Recently, governments in Australia and Spain moved to ban social media use for under 16s, requiring platforms to block younger users. That makes common ELT tasks problematic, such as asking a learner to write a post for a social media platform. Publishers may need to revise activities, replace scenarios, or remove platform-specific references in new editions.
New laws and changes to curriculum frameworks in other regions have also had an impact in recent years. In some countries, including parts of the US as well as markets such as Turkey and India, updates have required certain topics or historical references to be removed or adjusted to meet guidelines.
Other policy changes can affect how content is framed or used. Updates to data protection rules or safeguarding requirements, for example, may limit how personal information is handled in classroom tasks.
Alongside policy-led change, practical and technological shifts also play a significant role. Platform features evolve, digital tools are replaced, and new tools are introduced. The growing use of AI in education is a good example. Learners may now be expected to work with AI-assisted writing, research, or problem-solving tools, which can affect how tasks are designed, assessed, and supported. Activities that assume entirely independent content creation may need to be reframed, and guidance for both teachers and learners may need updating to reflect responsible use.
Everyday behaviours and working patterns also continue to change. Tasks based on office-based routines or older communication methods may no longer reflect how people study and work today. Publishers often respond by updating scenarios and using more flexible, less platform-specific language.
Over time, many publishers also review content for broader suitability, including references to risk, safety, and age-appropriate behaviour. Activities based on outdated practices, such as relying on cash payments, can feel less relevant and may need refreshing to remain engaging and realistic, and references to alcohol, smoking, violence, or other sensitive topics may need to be removed.
Why this might be hard for publishers to manage alone
When policy changes impose bans or restrictions, publishers often need immediate content revision or removal.

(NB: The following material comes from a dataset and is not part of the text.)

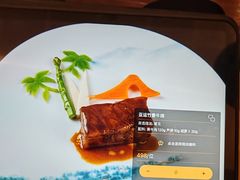 -浙江西子宾馆·牡丹厅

The safest route is to be cautious, which can lead to last-minute rework and inconsistent outcomes across markets.
When ideological shifts drive curriculum change, the work is deeper. Whole narratives may need rewriting. That can affect scope, sequencing, assessment, and teacher guidance.
When change is cultural, outdated examples reduce engagement and can undermine credibility. Inclusion expectations also evolve, so content that once passed review may need rechecking.

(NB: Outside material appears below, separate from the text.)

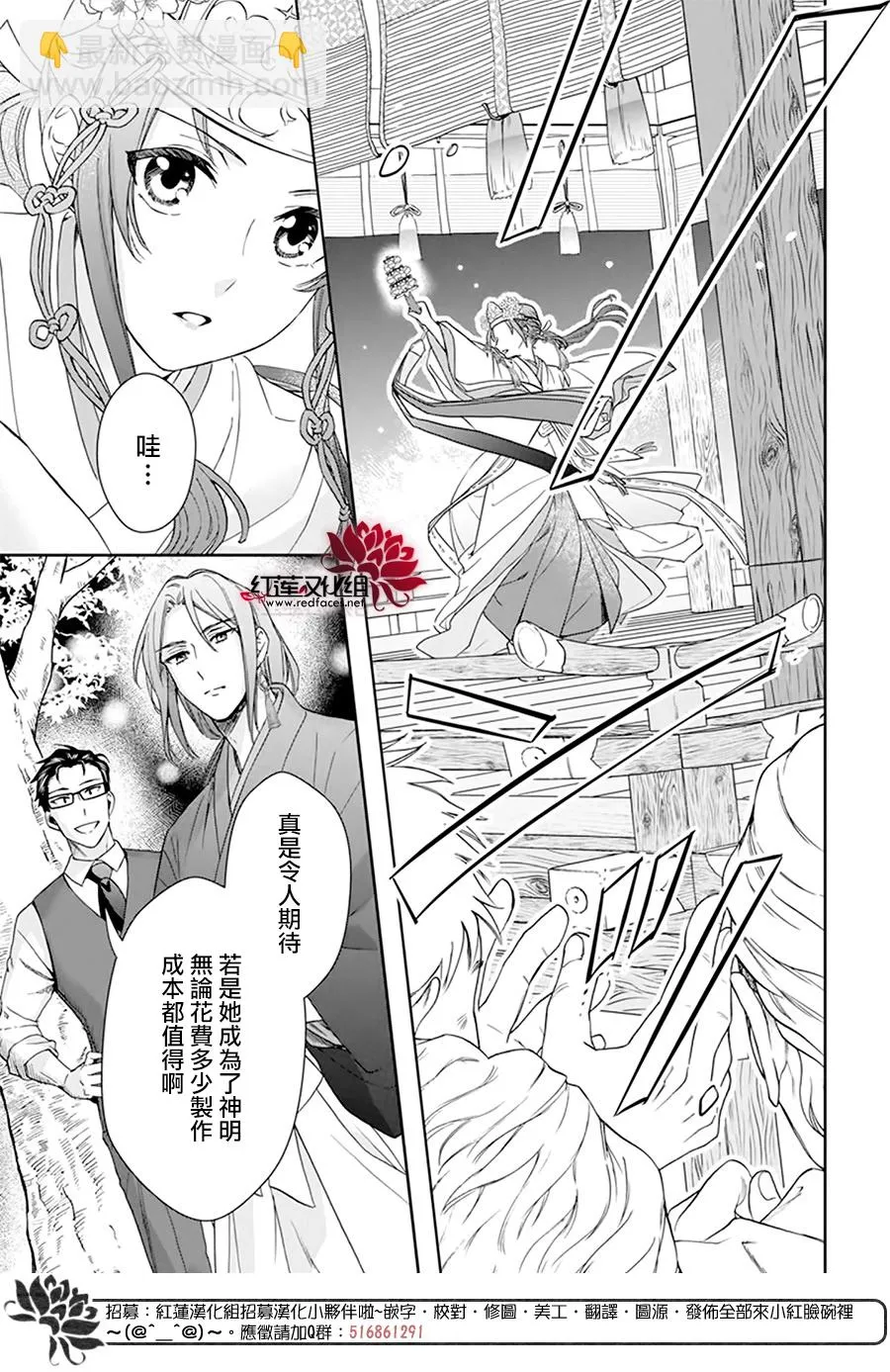 第15话 第20页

This is where an educational content services provider can add practical value.
How Haremi can help
Haremi can provide extra capacity, specialist skills and dedicated editorial processes, so your teams can respond quickly without impacting quality. Haremi offers a range of different services to publishers and other educational providers to help update or revise learning content.

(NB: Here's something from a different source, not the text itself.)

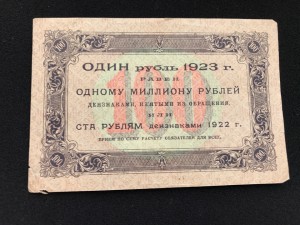 100 руб 1923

Often, a useful first step is to run specialised content audits. That includes scanning for policy-sensitive references, or topics likely to trigger approval issues. We can also conduct relevance reviews, where dated technology, cultural references, or examples are refreshed in a controlled way.
The typical output from a content review is an editorial revision programme across different resource components. Updates rarely sit in one place. A single change can impact student books, workbooks, teacher notes, assessments, audio scripts, and digital activities. At Haremi we often coordinate editorial, design, and production workflows so that updates are implemented consistently across a range of product components, in time to meet specific market dates or production deadlines.
In our experience, a methodical editorial process also helps protect standards. Fast updates increase the risk of errors, misalignment, or uneven tone. Editorial oversight, curriculum alignment checks, and structured quality assurance measures help ensure revised content remains accurate, level-appropriate, and fit for purpose.
Many of our content revision projects incorporate a degree of localisation. What is acceptable in one market may not be acceptable in another. We've helped many learning providers develop local variants, adapt examples, and apply region-specific constraints while keeping the core learning aims intact. Find out more about how we do this in our regional market adaptation and localisation services overview.
We also document all editorial decisions made during a content revision process. When content changes because of policy or cultural risk, it is important to record what changed and why. Clear change logs and review notes help internal stakeholders, external reviewers, and future publishing teams.